Después de haber considerado todos los misterios de la salvación —desde el nacimiento de Cristo hasta Pentecostés—, la Iglesia dirige su mirada al misterio primordial del cristianismo, la Santísima Trinidad, fuente de todo don y de todo bien. E invita a los fieles a cantar sus alabanzas: «Gloria al Padre y al Hijo y al Espíritu Santo».
La revelación de la Trinidad pertenece al Nuevo Testamento: el Antiguo Testamento intenta todo él proclamar y exaltar la unidad de Dios: uno solo es el Señor. Como leemos en la primera lectura:
«Reconoce y medita en tu corazón que el Señor es el único Dios allá arriba en el cielo, y aquí abajo en la tierra; no hay otro» (Dt 4, 32-34. 29-40). Israel que vivía en contacto con pueblos paganos, necesitaba ser advertido continuamente de esta verdad para no caer en la idolatría. El Antiguo Testamento celebra la grandeza de Yahvé, único Dios: él es el Creador de todo el universo, el Señor absoluto.
El misterio revelado al mundo
Sin embargo, el nuevo pueblo de Dios —la Iglesia—goza de privilegios mayores aún, fruto de la encarnación del Hijo de Dios y de su pasión, muerte y resurrección. Con la venida de Cristo, Dios se revela al mundo en el misterio de su vida íntima y Trinitaria: El Padre que, conociéndose perfectísimamente engendra al Hijo y este amor mutuo entre el Padre y el Hijo espira una Tercera Persona que es el Espíritu Santo.
Y lo más admirable es que Dios entra ya en relaciones con los hombres no sólo como único Señor y Creador, sino también como Trinidad: pues es Padre que los ama como a hijos en su único Hijo y en la comunión del Espíritu Santo.
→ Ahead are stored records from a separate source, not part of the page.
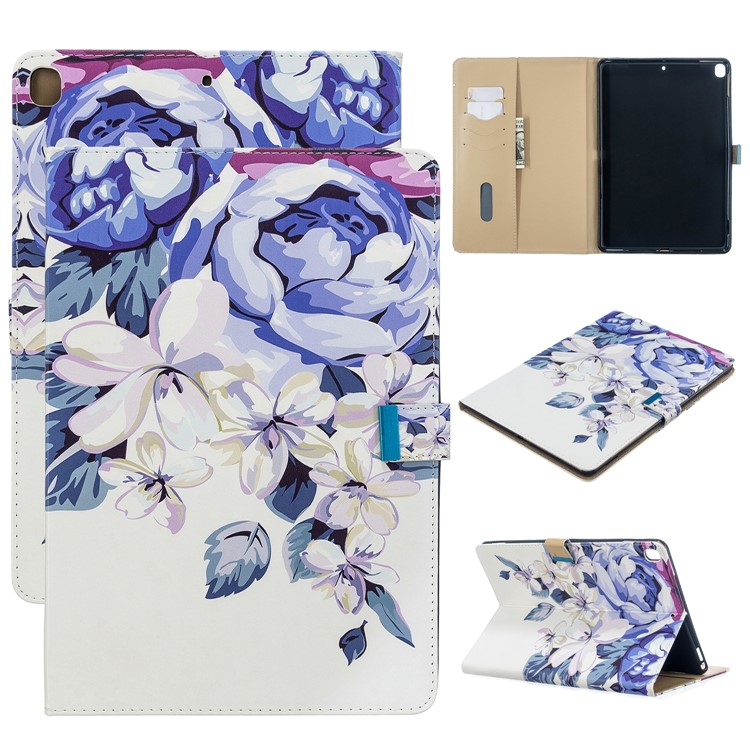 Pattern Printing PU Leather Flip Tablet Cover for iPad Pro 10.5-inch (2017)/Air 10.5 inch (2019)/iPad 10.2 (2019) - Blue Flower-1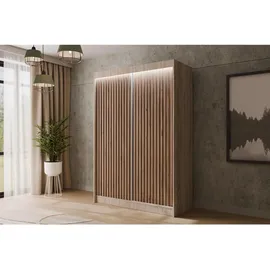 altdecor Schiebetürenschrank VILANv2 120 x 215 x 61 cm Sonoma Eiche/Wotan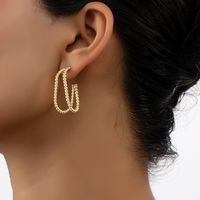 1 Pair Lady Oval Plating Hollow Out Alloy 14k Gold Plated Ear Studs main image 1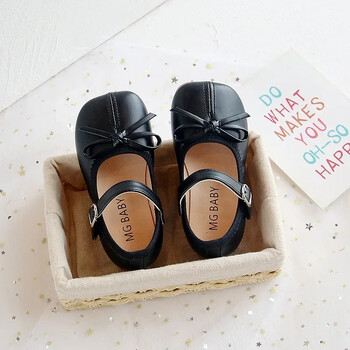 Μόδα Mary Janes Παπούτσια για Baby Butterfly Girls Flats Soft Singe Παπούτσια για Παιδιά Κοριτσίστικα PU Δερμάτινα παπούτσια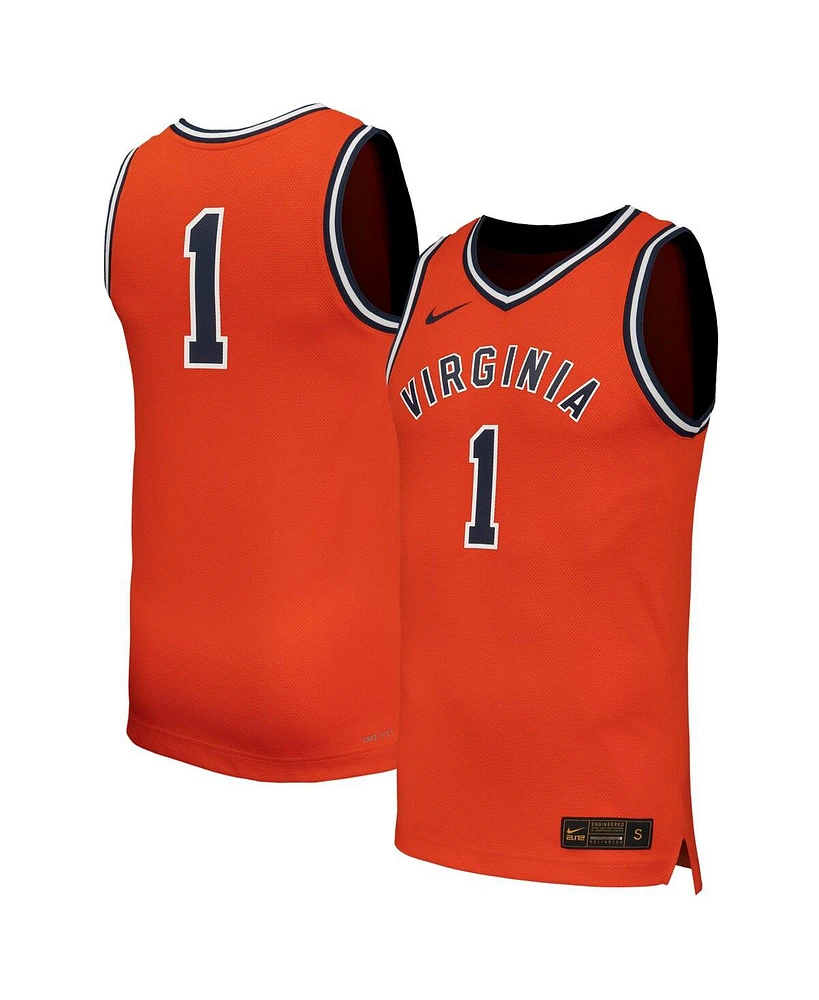 Nike Men's 1 Orange Virginia Cavaliers Throwback Replica Basketball Jersey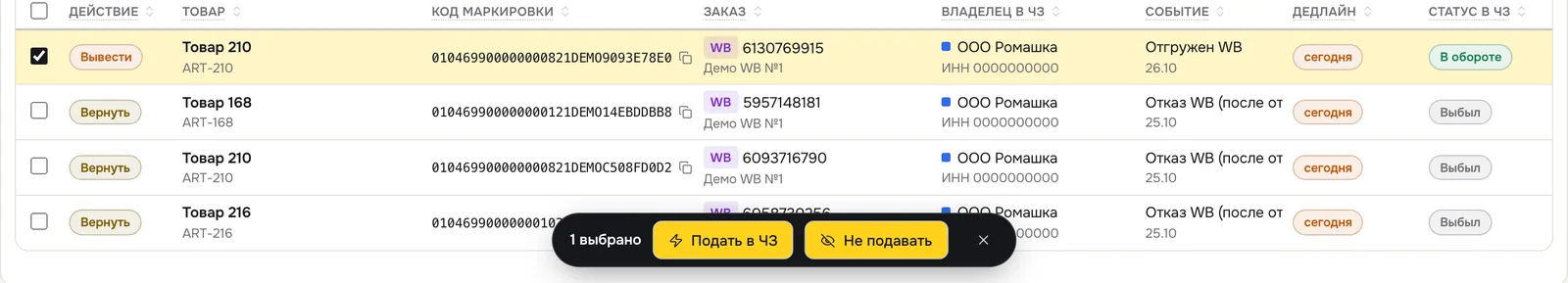 Панель для отмеченных кодов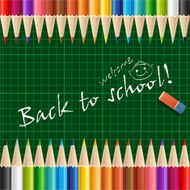 Welcome Back to school background card with pencils
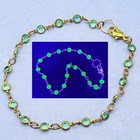 Dainty Uranium Glass Bracelet Tennis Link Green Faceted Gold Tone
Este privilegio no está reservado a un solo pueblo, sino que se extiende a todos los hombres que aceptan el mensaje de Cristo. En efecto, antes de subir al cielo, Jesús ordenó a sus apóstoles llevar la Buena Noticia a todas las gentes y bautizarlas «en el nombre del Padre y del Hijo y del Espíritu Santo» (Mt 28, 16-20).
La Trinidad en el hombre
Mediante el bautismo, todo hombre entra en relación con la Trinidad Santa y de esta forma renace a una vida nueva. Queda convertido en hijo del Padre, regenerado por la Sangre de Cristo y templo del Espíritu Santo. Ante Dios el bautizado no es sólo una criatura, sino un hijo introducido a la intimidad de su vida trinitaria para que viva en unión con las Personas divinas que moran en él. San Ambrosio dice: «Tú has sido bautizado en nombre de la Trinidad. Has profesado –no lo olvides– tu fe en el Padre, en el Hijo y en el Espíritu Santo. Vive conforme a lo que has hecho. Por esta fe has muerto para el mundo y has resucitado para Dios…» (Sobre los Misterios 21 y 38).
Abrirse a la acción del Espíritu
El Bautismo, el Espíritu y la caridad fraterna hacen que Cristo esté verdaderamente con nosotros hasta la vuelta de todo lo creado al Padre. Y precisamente al Espíritu Santo le corresponde de manera principal transformar interiormente a los creyentes en imagen del Hijo. Mas para que el Espíritu Santo pueda cumplir su obra, es necesario dejarse dirigir por Él a imitación de Cristo que en todas sus obras era movido por el Espíritu Santo. «Los que se dejan llevar por el Espíritu de Dios, esos son hijos de Dios». (Rm 8, 14).
No hay modo más hermoso de honrar a la Trinidad sacrosanta y atestiguarle nuestro amor, que vivir sus dones en plenitud. Para ello es necesario abrirse a la acción del Espíritu Santo, esforzándose por ser cada vez mejores y huyendo de todo aquello que nos hace desemejantes a Dios, para comportarnos como hijos del Padre y hermanos de Cristo.
Complemento de la Santísima Trinidad
Esta transformación se verificó de modo singular en María Santísima el día de la Anunciación, cuando, elegida por el Padre y fecundada por el Espíritu Santo engendró en su seno al Hijo. Por eso en algunas oraciones del Santo Rosario es invocada como “Templo y Sagrario de la Santísima Trinidad”.
Durante toda su vida, correspondió de manera admirable a estos dones singulares que Dios le concedía introduciéndola cada vez más y de una manera más íntima en su vida Divina.
María es la criatura preferida del Eterno Padre, el «complemento de la Santísima Trinidad” como la llaman los Santos Padres. Por eso no hay mejor manera que aprender a abrirse a Dios que dejándonos conducir y guiar por María. Ella nos enseñará a vivir en estado de gracia, condición necesaria para que la Santísima Trinidad pueda morar en nuestro interior y transformarnos en hombres nuevos.